SO FIRST OF ALL... lee minhyuk!!!!! the kindest boy on earth and also the most extra lmao
tbh i only became a mbb in late august so i was only present for the last 2 ep of mxray but with everything else, i had 2 catch up rip.. i watched the first episode of season 2 first bc im a dumbebe and it was the cafe/nail salon episode ?? yeah. at that point i didnt know any of them and i couldnt recognise anyone except for jooheon bc i started liking jh first i was just super confused with everyone else, minhyuk included. nobody really stood out when i watched it but i still found it extremely funny (mx are so funny every show theyve been on i always laugh its great i love it) was the next episode the party one ?? (nope) i dont remember but i dont think i focused on anyone at that time either but i noticed how minhyuk was so fucking extra with how he would give kh + hw false clues and i was like .. ‘this guy is seriously..’ and when changkyun plotted with them to abandon mh i was cheering for him tbh LOL and i got so scared for ck when minhyuk found out sbwjaiks idk ive never talked about first impression for mxray so im gonna side track a bit (a lot) and?? the way he played everyone and eventually himself (and changkyun) was so funny wtfeksmk we love an idiot?? in the animal episode, i didnt take notice of mh (again) bc he was with jh and i was 2 focused on him poor mh and mary LMAO i think throughout my first watch of mxray i didnt have that much of an impression of minhyuk other than that he is super extra?? watching their older shows like ‘right now’ and the des??koptac??? fk if i know im a fakebebe i think he grew on me more?? 

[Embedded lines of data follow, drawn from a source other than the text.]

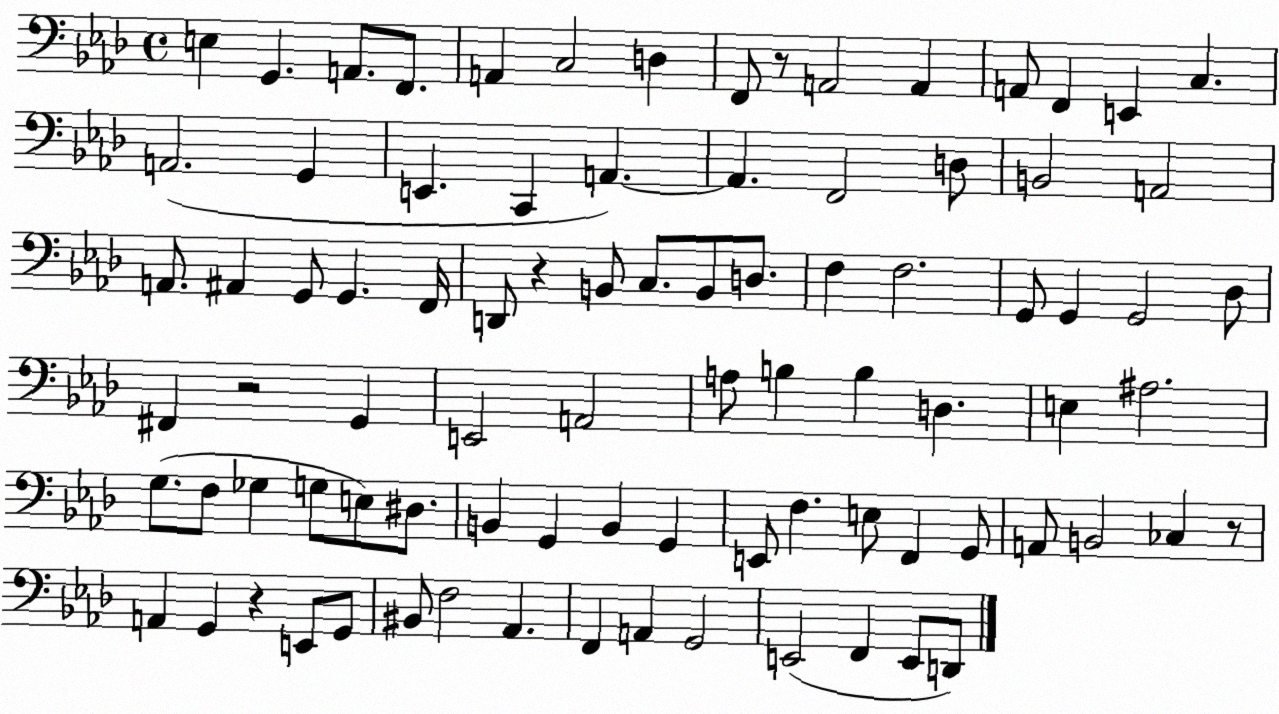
X:1
T:Untitled
M:4/4
L:1/4
K:Ab
E, G,, A,,/2 F,,/2 A,, C,2 D, F,,/2 z/2 A,,2 A,, A,,/2 F,, E,, C, A,,2 G,, E,, C,, A,, A,, F,,2 D,/2 B,,2 A,,2 A,,/2 ^A,, G,,/2 G,, F,,/4 D,,/2 z B,,/2 C,/2 B,,/2 D,/2 F, F,2 G,,/2 G,, G,,2 _D,/2 ^F,, z2 G,, E,,2 A,,2 A,/2 B, B, D, E, ^A,2 G,/2 F,/2 _G, G,/2 E,/2 ^D,/2 B,, G,, B,, G,, E,,/2 F, E,/2 F,, G,,/2 A,,/2 B,,2 _C, z/2 A,, G,, z E,,/2 G,,/2 ^B,,/2 F,2 _A,, F,, A,, G,,2 E,,2 F,, E,,/2 D,,/2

but the time where he really impacted me and made me fall for him was when i watched no.mercy?? the way he gave the flower to the judge (i lov EHR SO MUCH) (the male judges can ***** x) it really gave me the impression of how sweet minhyuk is?? and i remember when he got second last and he cried i felt so fucking bad? he loves his parents so damn much???? minhyuk is really out here being the best son/friend/group mate?? AND despite that he worked together with the other guy (im so sorry) and they did a wonderful stage?? the way minhyuk lightened the mood after the performance showki gave? that made me really think because people gave minhyuk the title of mood maker you know? and just based on that i could truly see why and after that im so happy minhyuk is with monsta x (ill talk abt this later) and im pretty sure he was the one who lost since it was like a battle (work together with your partner but youre also fighting against them) and i know how they like messed the thing up didnt they? and they told him he won but they announced the wrong name minhyuk didnt even let that get to him? he had the biggest smile on his face even though he lost? i love lee minhyuk so much?? he was happy because he and his team mate managed to show such a good performance and that makes me so proud??? 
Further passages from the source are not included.